Luego lo de Lot, y lo de su esposa convertida en estatua de sal por culpa de lo de Sodoma y Gomorra, y los empeños de Abraham para expulsar al invasor. Y lo de Sodoma y Gomorra. ¡Qué terco Dios con lo de Sodoma y Gomorra!. ¿Reducir a cenizas ambas ciudades? De acuerdo, Señor, se han convertido en ciudades degradadas, la mayoría son depravados, pero siempre queda alguien que vale la pena. Aunque solamente sean diez los justos, Señor, apiádate. ¡Pues ni siquiera diez! ¿Ni siquiera? Pues aunque sean cinco. Ni siquiera cinco. ¿Ni cinco?. Solamente Lot y su familia, es decir: uno. Y hasta la mujer de Lot quedó convertida en estatua salada.

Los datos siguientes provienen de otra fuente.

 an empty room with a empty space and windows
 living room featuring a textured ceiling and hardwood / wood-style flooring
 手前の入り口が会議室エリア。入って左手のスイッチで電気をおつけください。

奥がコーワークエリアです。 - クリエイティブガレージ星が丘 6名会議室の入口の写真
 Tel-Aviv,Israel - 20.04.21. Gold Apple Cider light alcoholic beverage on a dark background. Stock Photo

Así les que a Abraham le tocó creer contra toda esperanza, creer donde parecía que la creencia era imposible, aceptar lo que le viniera porque pensaba que Dios tenía la última palabra, y la última palabra divina siempre es salvadora.

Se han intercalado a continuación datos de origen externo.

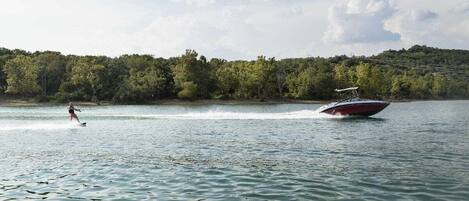 Un cos d'aigua amb un wakeboarder i un vaixell ràpid.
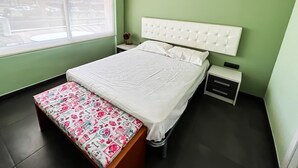 A bedroom with a bed, a bench, a nightstand, and a window. - Apto a 5 min de la playa, Platja d'Aro (Platja d'Aro)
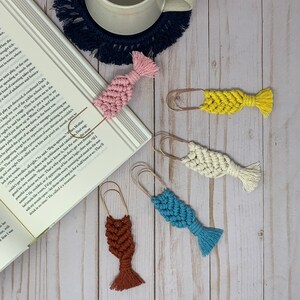 May include: Five colorful macrame fish bookmarks with gold metal clips. The bookmarks are pink, yellow, white, blue, and brown.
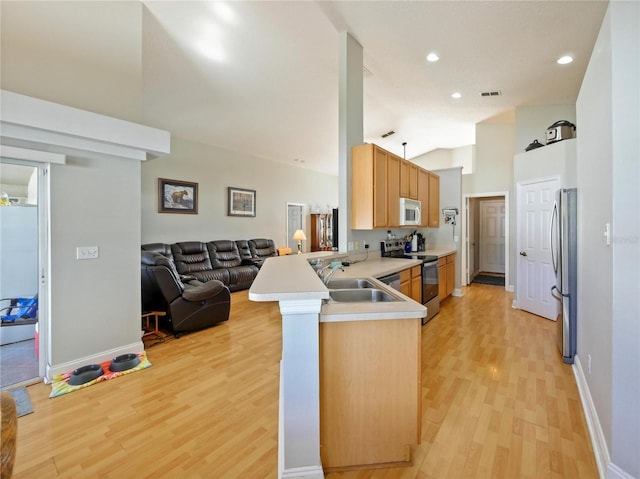 kitchen featuring sink, high vaulted ceiling, kitchen peninsula, stainless steel appliances, and light hardwood / wood-style floors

Lo han bautizado como el padre de los creyentes, y sin embargo los creyentes de su fe andan inventándose otras creencias que no terminan de acoplarse. Creencias envueltas en sangre. Creencias que ocultan la nitidez de aquellas estrellas de la patria de Ahraham que no se podían contar, de tantas, pero que eran símbolo de descendencia grande. Creencias como para que las arenas del mar retornaran a ser todas una sola creencia, pero no.

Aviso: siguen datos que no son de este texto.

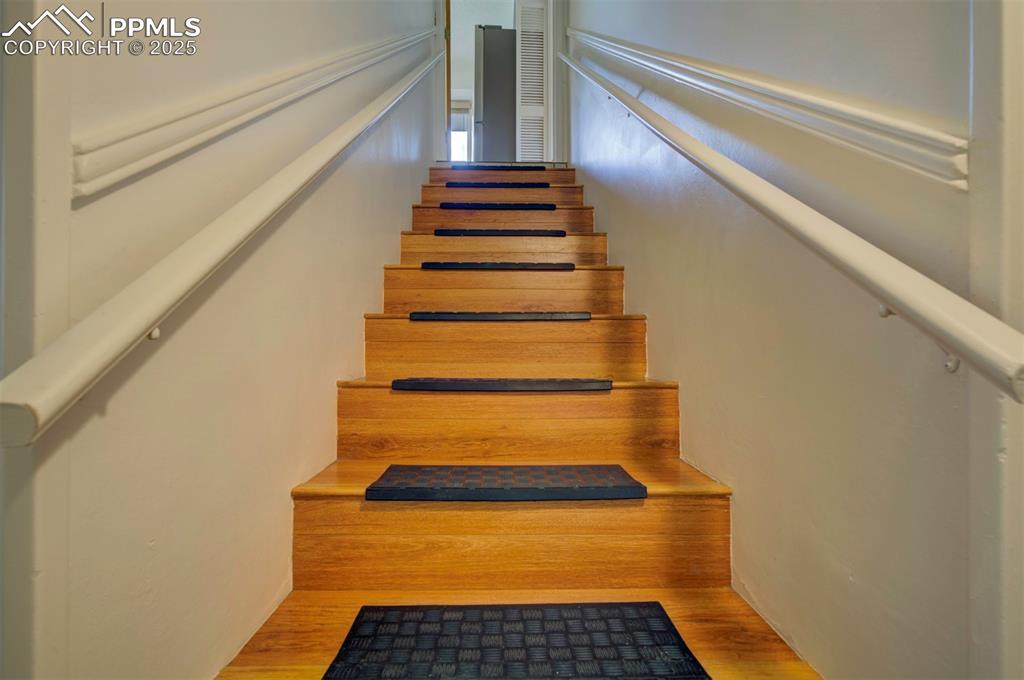 Image 37 of 49: Stairs with wood finished floors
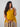 Expecting mom wearing sleeveless yellow maternity dress with paisley border ‚Äì The Mom Store.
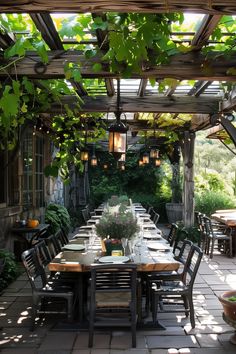 an outdoor dining area with wooden tables and chairs under a pergolated roof, surrounded by greenery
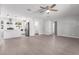 Open-concept living space with modern flooring, leading into the kitchen with white cabinets at 1839 E Indigo St, Mesa, AZ 85203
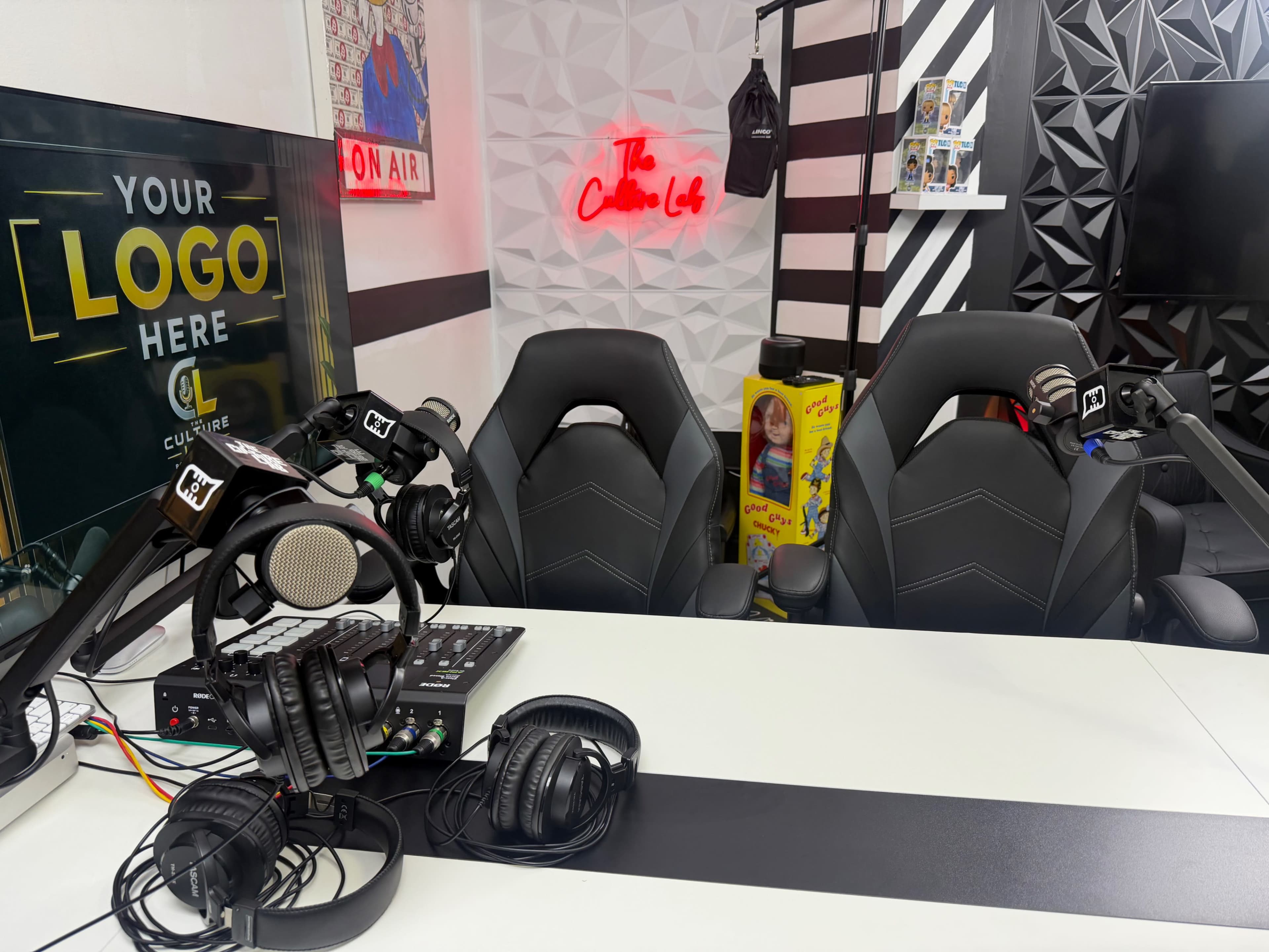 The image shows a modern podcast studio setup with two empty black chairs, microphones, headphones, and a mixing console on a white table, along with a neon sign in the background.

A Abraham la iglesia católica sigue considerándolo como lo que fue: la fuente de donde fluye la fe, el encargado por parte de Dios para que esa creencia se extendiera por todos los mares y por todos los cielos. Creencia que jamás se desdibujara. Y muchísimo menos a causa de guerras que nunca acaban. Abraham hoy día en su ciudad de origen, Ur, contemplando al Tigris y al Eufrates y preguntándole una vez más a Dios:
- ¿Pero es que ni cinco siquiera?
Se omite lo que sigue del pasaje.